We have opted to resolve the grounds of appeal in the order the parties argued them. Counsel for the appellants argued Grounds 1 and 4 together. They raise the issue of whether the Prosecution established common intention between the parties to murder the deceased, and whether the learned trial Judge considered the conduct of the appellants as well as their respective defenses.
Counsel for the appellant argued grounds 1 and 4 together, abandoned ground 3, and argued the rest separately. He argued that; the learned trial Judge based her conviction of the appellants on the fact that they had a common intention with others to execute an unlawful act, which led to the death of the deceased. While she correctly set out the law on common intention, she did not consider factors that disassociated the appellants from the execution of the alleged unlawful act and the participation of the accused persons in the unlawful act was not properly addressed. All that was captured by the learned trial Judge was the point of arrest of the deceased by the appellant.
Counsel for the appellants also argued that the learned trial Judge having held that the appellant formed a common intention with one another to assault the victim erred in law and fact when she held that the death of the deceased was caused with malice aforethought. Common intention to assault and murder did not go together. He cited the case of Nannyonjo Hurriet and Another v. Uganda Supreme Court Criminal Appeal No. 24 of 2002 for this proposition.
Counsel also submitted that there was no cogent evaluation of evidence placing the appellants at the scene of crime and how they participated in the unlawful act. It was not true that the first appellant; Kisule Lumala Yonasani participated in any way in beating the deceased because he was at home milking a cow. The participation of Kisule at the scene was only at the point of arrest. After arrest, he left the place. All he did was come and take away the deceased after PW2 had stopped those who were beating him. The people who beat the deceased were listed by PW2 and PW5.
Regarding the second appellant, Simbwa Paul, even the learned trial Judge accepted that no witness saw him beating the deceased. He was standing aside from the beating. He only came to where the beating took place when he was prompted by the deceased to intervene and stop those who were beating him. The two appellants were Local Council (LC) officials so it was part of their duty to arrest suspected criminals in their area.

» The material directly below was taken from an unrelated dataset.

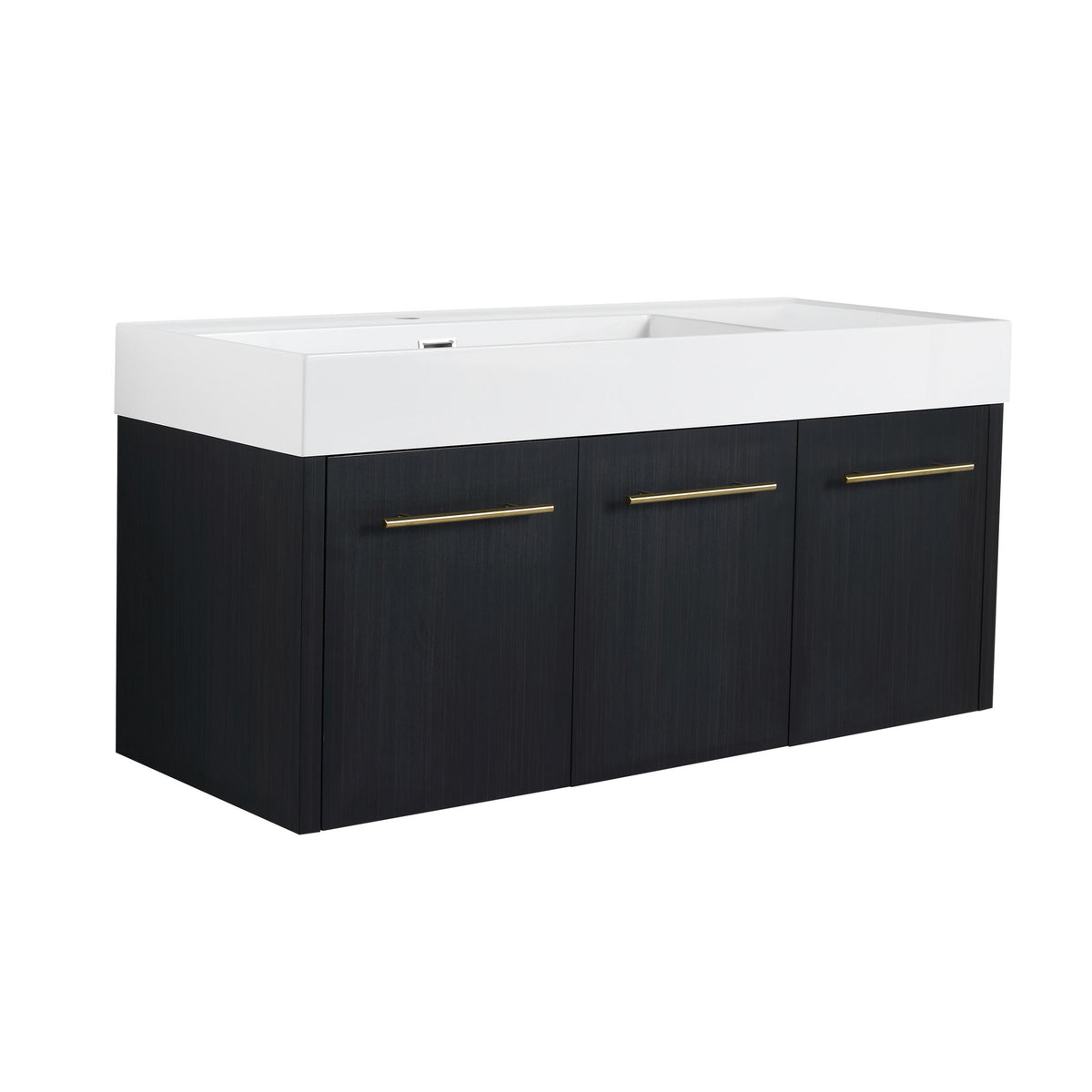 Contemporary 48" Wall Mounted Bathroom Vanity With Resin Sink And Soft Closing Doors And Line - Black Chestnut
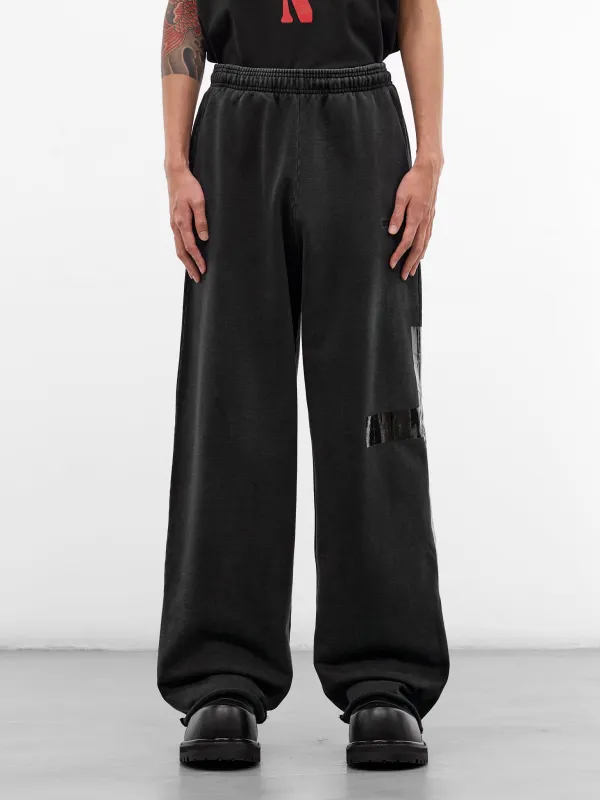 Black Cotton Duct Tape Sweatpants (ME76SP146B-BLACK) sold by lorenzo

Counsel for the Respondent argued that the learned trial Judge correctly and ably analyzed the law on common intention as stipulated in S. 20 of the Penal Code Act (cap 120) and correctly concluded that the appellants had a common intention to kill the deceased. On malice aforethought, Counsel referred us to s. 181 of the Penal Code Act (supra), arguing that it relates to the mental condition of the accused. Whether or not an assailant intended to kill the deceased can be established through the nature of the weapon used, the nature and number of injuries inflicted on the victim, the part of the body hit and the conduct of the killer before, during and after the incident.
It is common ground that the deceased died from wounds inflicted on him following a physical assault on him.
Section 20 of the Penal Code Act provides:
“When two or more persons form a common intention to prosecute an unlawful purpose in conjunction with one another, and in the prosecution of that purpose an offence is committed of such a nature that its commission was a probable consequence of the prosecution of that purpose, each of them is deemed to have committed the offence.”
The case of Kisegerwa and Another v. Uganda Criminal Appeal No. 6 of 1978 (Court of Appeal) elaborates on the above provision thus:
In order to make the doctrine of common intention applicable, it must be shown that the accused had shared with the actual perpetrator of the crime a common intention to pursue a specific unlawful purpose which led to the commission of the offence…an unlawful common intention does not imply a pre-arranged plan. Common intention may be inferred from the presence of the accused persons, their actions and the omission of any of them to disassociate himself from the assault.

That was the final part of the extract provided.